### WHAT TO DO
Ignoring every picture, return the lines of the listing below word for word, from the line that holds "Lovato 8 LM2T" through the line that holds "Baldinini Trend Beige Cotton Jeans & Pant".
===== RECORDS FOR THE EXERCISE
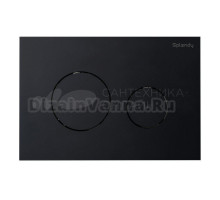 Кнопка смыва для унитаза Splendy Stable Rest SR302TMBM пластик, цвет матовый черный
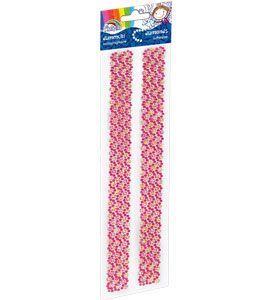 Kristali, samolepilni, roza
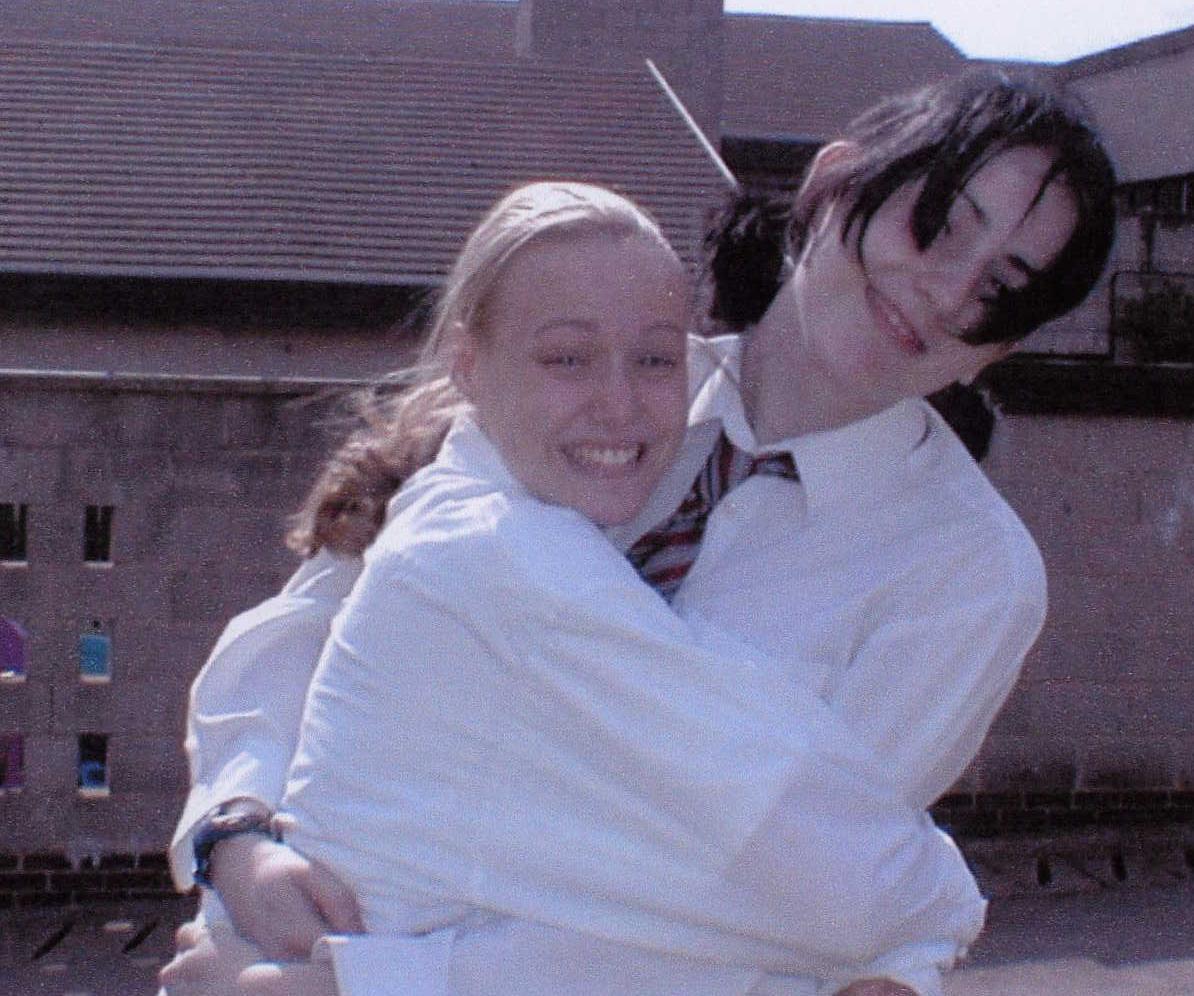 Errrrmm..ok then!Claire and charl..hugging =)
==========
===== RECORDS FOR THE EXERCISE
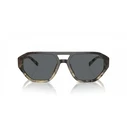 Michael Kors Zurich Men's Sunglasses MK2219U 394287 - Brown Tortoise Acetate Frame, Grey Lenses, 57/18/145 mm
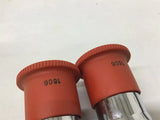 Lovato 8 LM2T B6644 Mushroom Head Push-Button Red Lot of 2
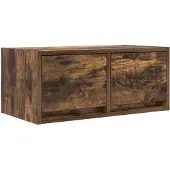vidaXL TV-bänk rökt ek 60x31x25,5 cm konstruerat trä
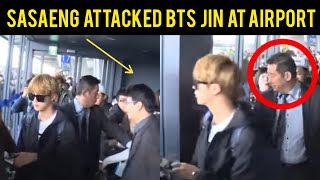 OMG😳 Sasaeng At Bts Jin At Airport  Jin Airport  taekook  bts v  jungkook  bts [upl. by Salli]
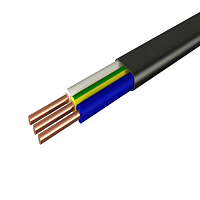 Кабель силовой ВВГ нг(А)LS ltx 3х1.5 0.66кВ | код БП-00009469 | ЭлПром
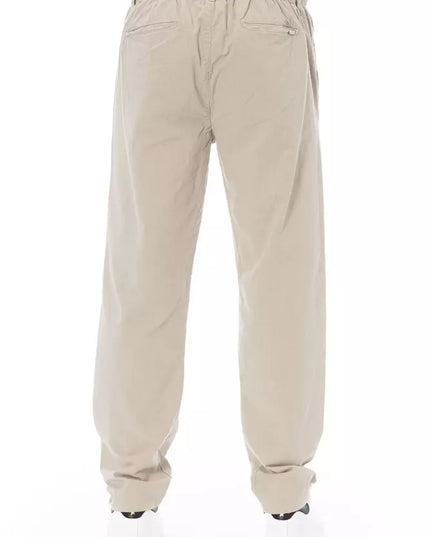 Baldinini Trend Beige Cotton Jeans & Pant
==========
### WRITTEN SOLUTION
 Lovato 8 LM2T B6644 Mushroom Head Push-Button Red Lot of 2
vidaXL TV-bänk rökt ek 60x31x25,5 cm konstruerat trä
 OMG😳 Sasaeng At Bts Jin At Airport  Jin Airport  taekook  bts v  jungkook  bts [upl. by Salli]
 Кабель силовой ВВГ нг(А)LS ltx 3х1.5 0.66кВ | код БП-00009469 | ЭлПром
 Baldinini Trend Beige Cotton Jeans & Pant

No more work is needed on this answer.